Force Windows 10 to load group policy from registry

za flag

I would like to apply several group policies (for data protection purposes) on various Windows 10 machines from time to time. The target machines are running with various Windows 10 version (Home, EDU, Pro, ...). Therefore, I have a registry export file (.reg) containing the registry keys for the corresponding GPO settings. I distribute this file to the target machines and import them there. Until some time ago, these settings have been applied after a reboot.

However, for some time (I can't tell you exactly) Windows seems to ignore this. When I import the registry file, the GPO change is not visible in the GPO editor and not applied. However, when I set the corresponding setting manually in the GPO editor, the registry key gets set.

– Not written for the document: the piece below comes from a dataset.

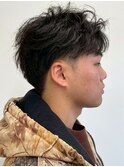 ツーブロック 毛流れパーマ 黒髪ショート ビジネスパーマ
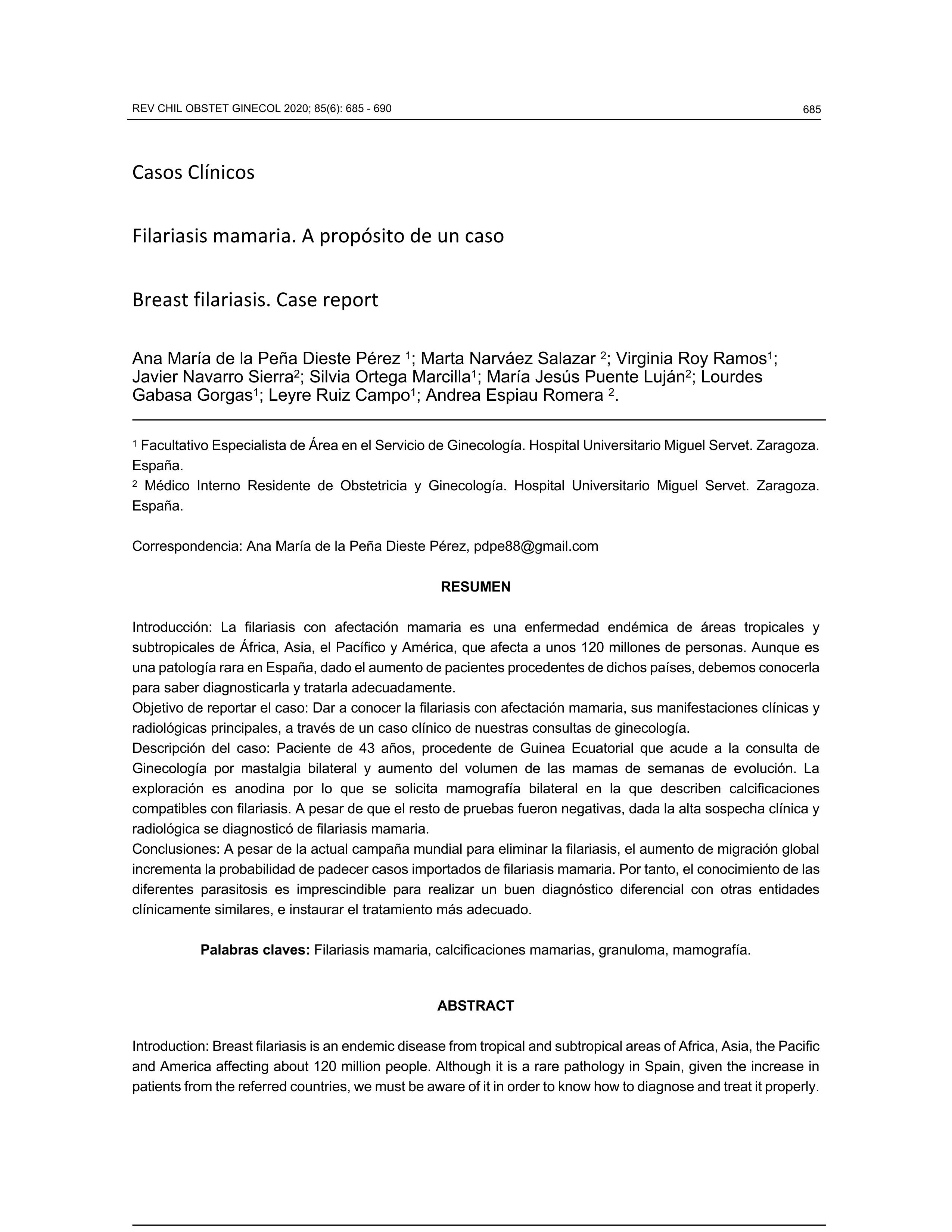Filariasis mamaria. A propósito de un caso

I've tried to use "gpupdate /Force" already. However, it doesn't help.

How can I apply group policies using the registry?

Score:8
cn flag

Fiddling with registry keys is not healthy for group policies, instead, you should take a look at LGPO, this is a tool to export policy settings and import them. Then, Windows will create the appropriate registry keys.

Short description is available here: https://techcommunity.microsoft.com/t5/microsoft-security-baselines/lgpo-exe-local-group-policy-object-utility-v1-0/ba-p/701045

and the tool is available in lgpo.zip, part of the Security Compliance Toolkit, here: https://www.microsoft.com/en-us/download/details.aspx?id=55319

[...]Features

  • Import settings into local group policy from GPO backups or from individual policy component files, including Registry Policy (registry.pol), security templates, and advanced auditing CSV files.

  • Export local policy to a GPO backup.

  • Parse a Registry Policy (registry.pol) file to readable "LGPO text" directly to the console or redirected to a file which can edited and imported into local policy.

  • Build a new Registry Policy (registry.pol) file from "LGPO text".

  • Enable group policy client side extensions for local policy processing.

[...]

Basically, the idea is to set the policies you want on a computer, then run lgpo.exe /b <backup_path> and import this on another computer lgpo /g <import_path>

Daniel avatar
in flag
You can also use LGPO to apply group policies from command line. No need to backup and import. You'd have to see the documentation on how this works. I don't have the parameter at hand.